Netflix has entered the ad-supported streaming market, with Disney+ set to follow next month—the two biggest fish in the pond jumping into ad-stream. As the streaming industry’s heavyweights, the services will be warmly welcomed by advertisers eager to tap their content. Now the companies must use that clout to revolutionize streamed ads—because it’s not currently working.
In order to gauge the effect of Netflix entering ad-supported streaming, The Harris Poll conducted a survey testing Americans’ attitudes on the issue. Their clear message: Streaming-service ads are boring, repetitive and unpersuasive.
Netflix and Disney+ are well-positioned to help fix that. They aren’t the first streaming services to deploy ads, but they will change the market. “It’s going to be the most new inventory for TV content ever introduced at one time,” Ashwin Navin, CEO of Samba TV, a television and streaming viewing measurement firm, told Variety in October. “These companies collectively represent a massive amount of premium video that until now has been off the market [for advertisers]. It’s a watershed moment.”
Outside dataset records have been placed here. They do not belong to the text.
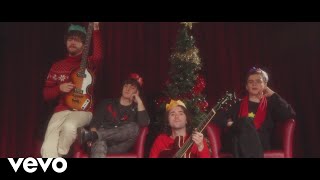 Musik-Video-Miniaturansicht zu Lonely This Christmas Songtext von The Academic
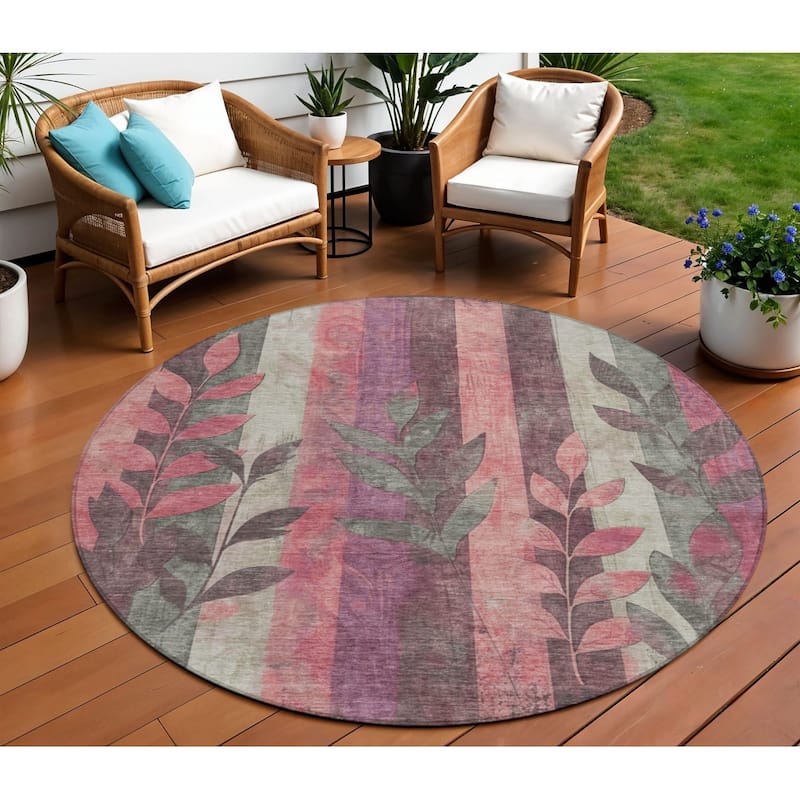HomeRoots Floral Transitional Rectangle Outdoor Rug - 8' Round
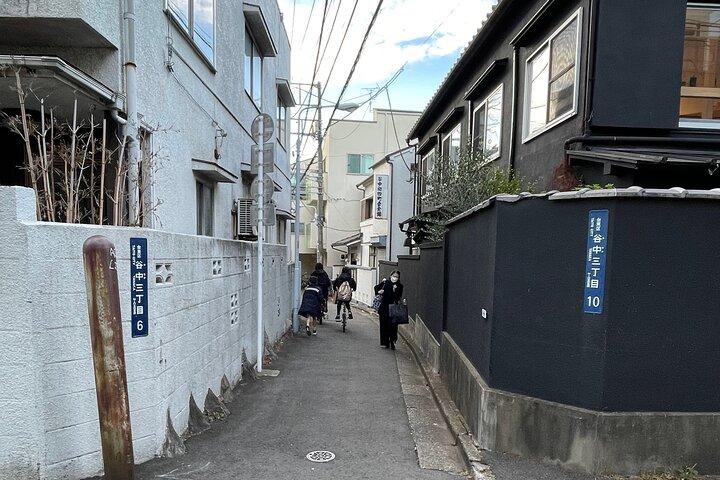 YANESEN JPN スイーツ＆日本酒ペアリング 地元ガイド付きオールド東京散歩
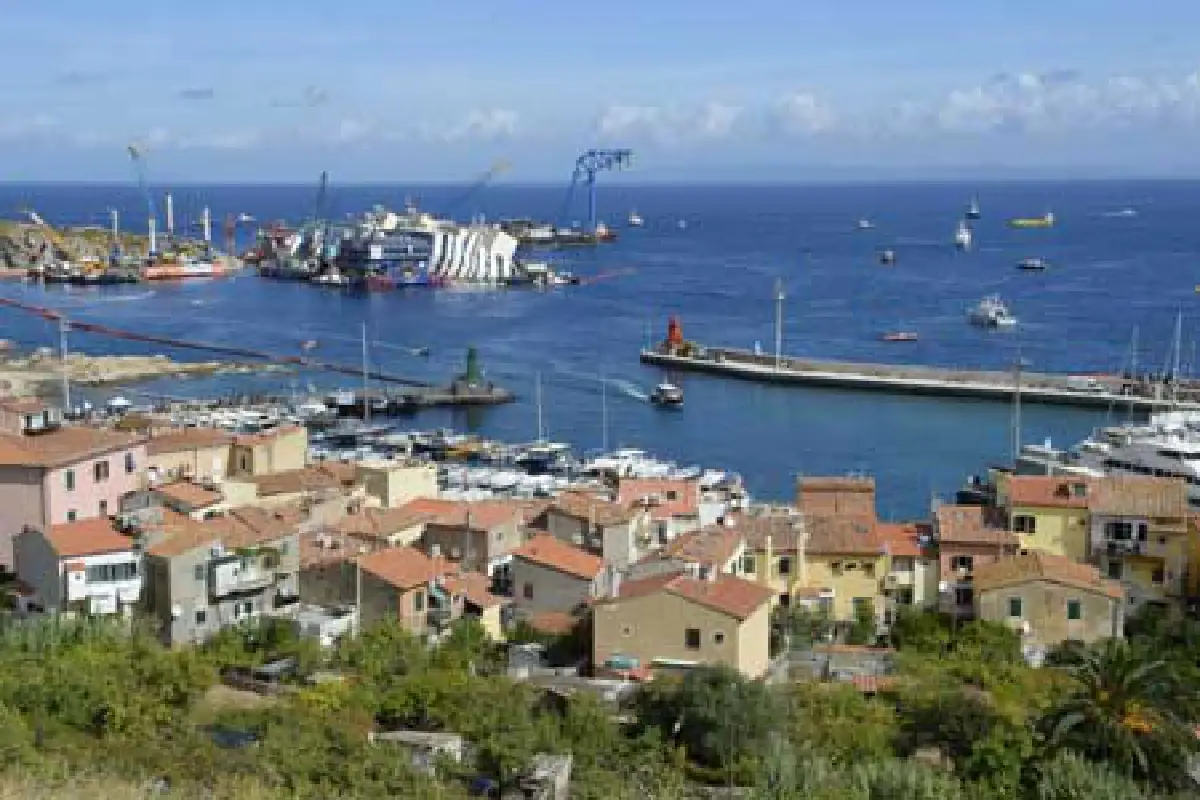 อิตาลีกู้ซากเรือสำราญ หลังล่มมานานร่วมปี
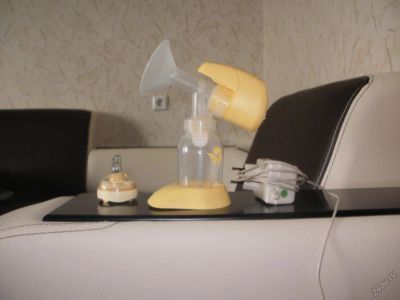 Лот: 5804510. Фото: 1. молокоотсос mini electric medela. Всё для кормления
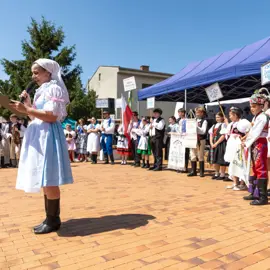 Zväčšiť fotografiu detske-krojovane-slavnosti-vo-velkych-levaroch-(96)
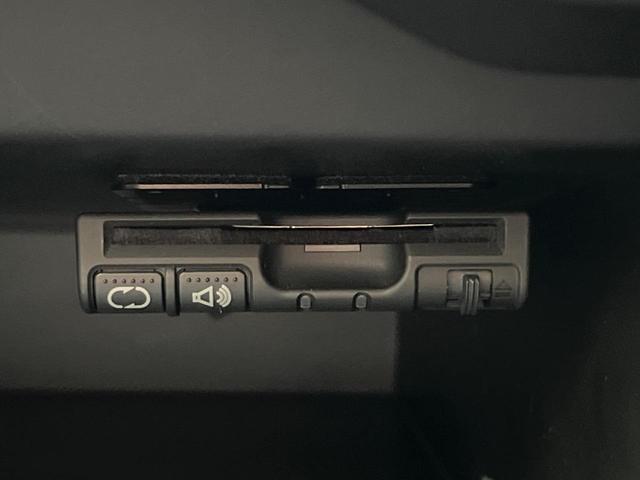 ノート メダリスト　全周囲カメラ　禁煙車　ハーフレザーシート　ドラレコ　コーナーセンサー　スマートキー　ＬＥＤヘッド　ＥＴＣ　純正１５インチアルミ　オートライト　オートエアコン　Ｂｌｕｅｔｏｏｔｈ　ＣＤ　ＤＶＤ再生（5枚目）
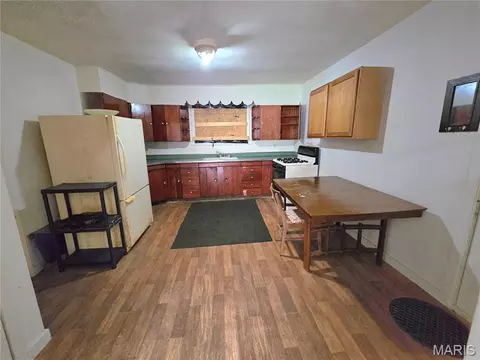 Kitchen - 1206 Rixon, Alton, IL 62002 photo 1 of 1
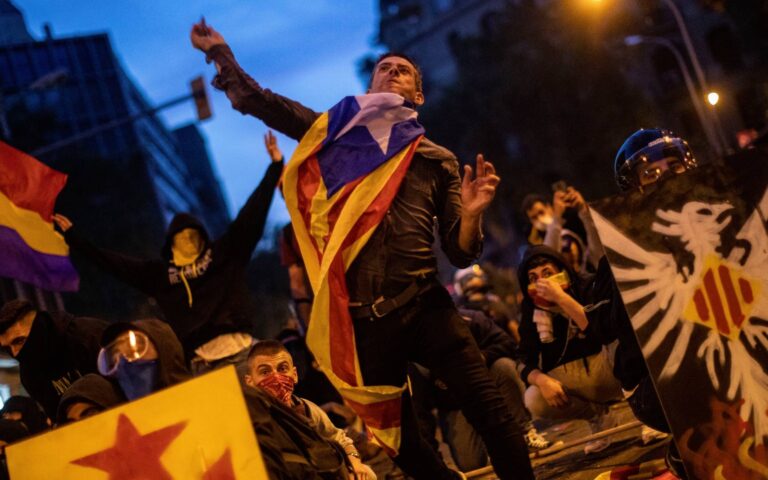 Ισπανία: Οξύνονται οι αντιδράσεις κατά του σχεδίου Σάντσεθ για τους Καταλανούς αυτονομιστές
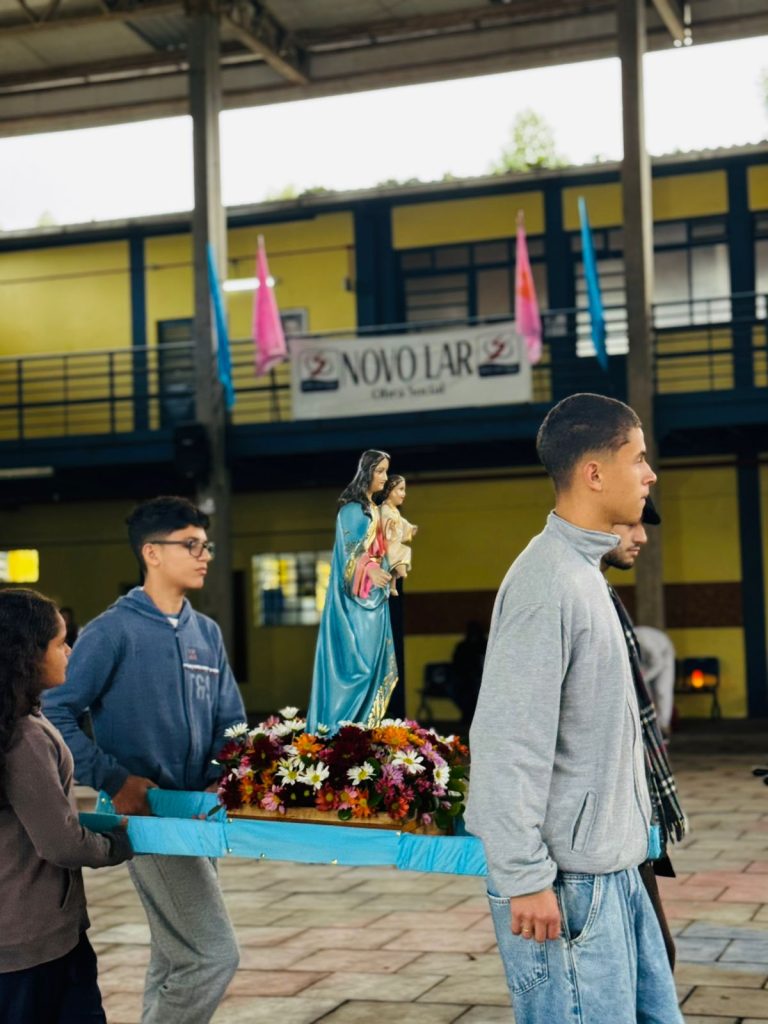 Hoje, dia 27 de maio, o Novo Lar realizou a celebração e coroação de Nossa Senhora Auxiliadora, proporcionando a todos os educandos e educadores um momento muito especial de fé, união e fraternidade.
It came on Nov. 3, when Netflix debuted “Basic With Ads,” a $6.99-per-month plan that gives access to the bulk of the streaming giant’s library (it doesn’t have the right to stream a small portion of its content with ads) with four to five minutes of advertising per hour. On Dec. 8, Disney+ Basic goes live, letting you get your MCU fix for an ad-supported $7.99 per month (the ad-free version, which currently costs that amount, will become Disney+ Premium and cost $10.99 per month).